What Do Expectations and Transactions Have In Common?

August 09, 2018

What if we decided not to tell you?

You're expecting an answer. What if we didn't give it?

Besides getting irritated and probably just bouncing from this page, wouldn’t you also feel cheated or short-changed? Because we'd have offered something, then took it back. We'd have failed to fulfill our side of the bargain...and that’s precisely the point.

That’s what expectations and transactions have in common.

They’re both exchanges, or at least, they’re supposed to be.

We started this exchange by offering something: to answer a question. You bought into it by opening the article, and now it’s time to supply what we promised. That’s how expectations and transactions should work.

Even though they’re intangible, expectations are powerful—arguably more powerful than a tangible exchange because beneath every transaction are underlying expectations. Unless we believe (expect) certain things, we won’t participate in trade. We have to trust, for example, that the other party is reliable and that we’ll be better off for making the deal.

Expectations are also powerful because when we believe we’re going to get something, it’s as if we already have it. Even if it’s not in our hands, we count on it, feel entitled to it, and will feel deprived if we don’t get it. (If you have kids, you’ve definitely learned this lesson the hard way.)

That means when we’re creating expectations—whether with our kids or customers—we’d better be really darn accurate. Because people will take what we’ve offered, and they’ll take more, but they won’t take less—at least, not for long.

What we’re after in any transaction is a good trade.

A fair exchange. A mutual benefit. We want both parties to be better off afterwards. When it comes to expectations, we can ensure a mutual benefit as long as we’re being honest. That’s true whether the other person buys into your expectation or not.

At the very least, you’re both better informed.

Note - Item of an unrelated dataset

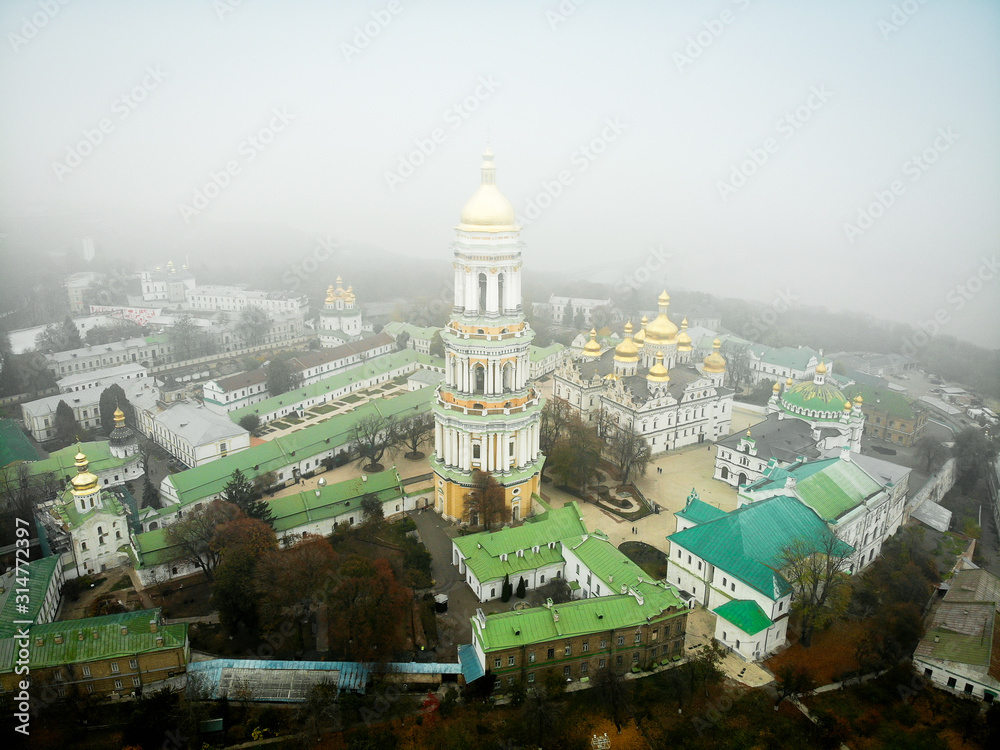 Foggy view of the Kyevo Pecherska Lavra Monastery in Kiev, Ukraine, Fog Autumn Winter Dramatic weather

From a consumer standpoint, the other person now knows what you offer and whether it’s for them. If not, they can move along and not waste their time.

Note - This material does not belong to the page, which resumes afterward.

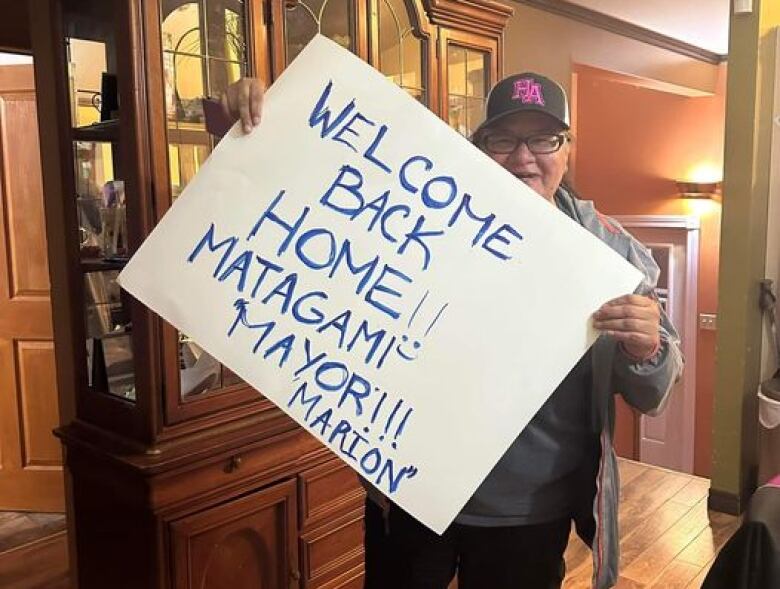 A woman stands holding a hand made sign that says 'Welcome back home Matagami Mayor'.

And from a producer standpoint, we’ve gained a valuable marketing insight. We know what we’ve offered doesn’t appeal to someone. At that point, we can either change what we’re offering, how we’re offering it (as long as we’re honest), or to whom we’re offering it.

Ultimately, finding the right things to trade and the right trading partners are the keys to success—and that’s why setting realistic expectations is the basis for a good transaction.

Thanks for taking part in this transaction. We hope it’s been valuable.